Doch wie schafft es Bale, den Ball derart zum Flattern zu bringen? Der Waliser nutzt dazu den Luftwiderstand. Seine Schusstechnik wird im Fußball immer gängiger - nicht nur Ronaldo, auch der verletzte deutsche Nationalspieler Marco Reus schießt so. Und Bale hat die Technik perfektioniert. Er läuft seitlich versetzt an, macht sich während des Anlaufs klein, bevor er den Ball zwischen Spann und Innenrist trifft. Dann wird es kompliziert: Wie man auch beim Tor gegen die Slowakei sieht, lässt Bale sein Schussbein nur minimal nachschwingen, streckt seinen Körper durch und packt maximale Energie in den Schuss. Der Effekt: Die Flugkurve ändert sich. Wie beim Topspin im Tennis oder im Tischtennis steigt sie zunächst an, Bales Schuss fliegt erst über die Mauer. Im Laufe des Fluges wird der Luftwiderstand für den Ball allerdings größer, die Kugel fällt ruckartig herunter. Was Bale anders als Ronaldo macht: Er trifft den Ball seitlich und gibt ihm damit noch Drall mit auf den Weg. Die Kugel rotierte nach links, und der slowakische Torhüter Matus Kozacik war so irritiert von Bales abstürzender Rakete, dass er hilflos am Ball vorbeipatschte.

Bale hat englischen Reportern einmal erklärt, wie er sich Ronaldos Variante beigebracht hat. Er feile seit Jahren am perfekten Schuss, sagte er. Zunächst habe er nur versucht, den Ball mit der besonderen Technik aufs Tor zu bringen, was anscheinend schwer genug war. Danach baute er sich zusätzliche Hindernisse auf. Und erst nach Wochen testete er den Schuss mit einem Torhüter im Tor: "Es ist eine Entwicklung, und es dauert eine ganze Weile, bis man es schafft!", sagte Bale.

"Der Typ ist weltklasse", würdigte ihn Mitspieler Joe Allen vom FC Liverpool. Bale, auch das ist ein Unterschied zum Kollegen Ronaldo, war das Lob scheinbar etwas unangenehm: "Es ist doch egal, wer die Tore macht", sagte er. Vielmehr freue er sich auf das innerbritannische Duell mit England an diesem Donnerstag (15 Uhr/ZDF). Wales führt nach seinem ersten EM-Sieg die Gruppe B überraschend an.

Den Topspin wird Bale dann wieder versuchen, doch er bleibt eine riskante Freistoßtechnik.

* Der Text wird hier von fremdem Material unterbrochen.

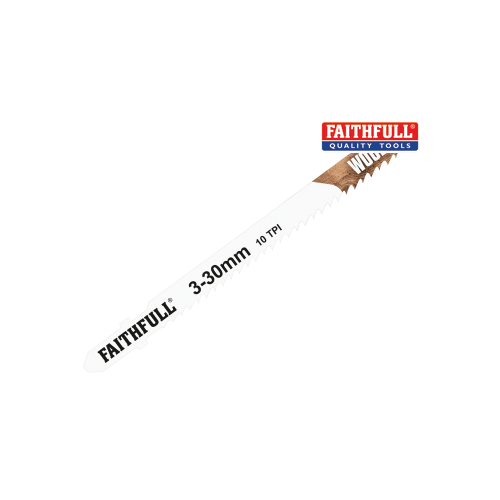 Faithfull 3-30mm 10 TPI Wood Jigsaw Blades Pack of 5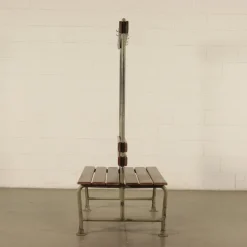 Pamono Vintage Locker Room Bench in Wood and Metal, Italy, 1960s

Denn mindestens genauso oft wie Bales und Ronaldos Schüsse aufs Tor fliegen, landen sie auf der Zuschauertribüne. So passierte auch dem Kunstschützen Bale ein Malheur: Beim Aufwärmen schoss er einem Anhänger ins Gesicht und brach ihm die Nase. Weil aber in der zehnten Spielminute dann alles gepasst hat bei Bales Freistoß, wird ihm der Zuschauer nicht lange böse gewesen sein. Er ist Waliser.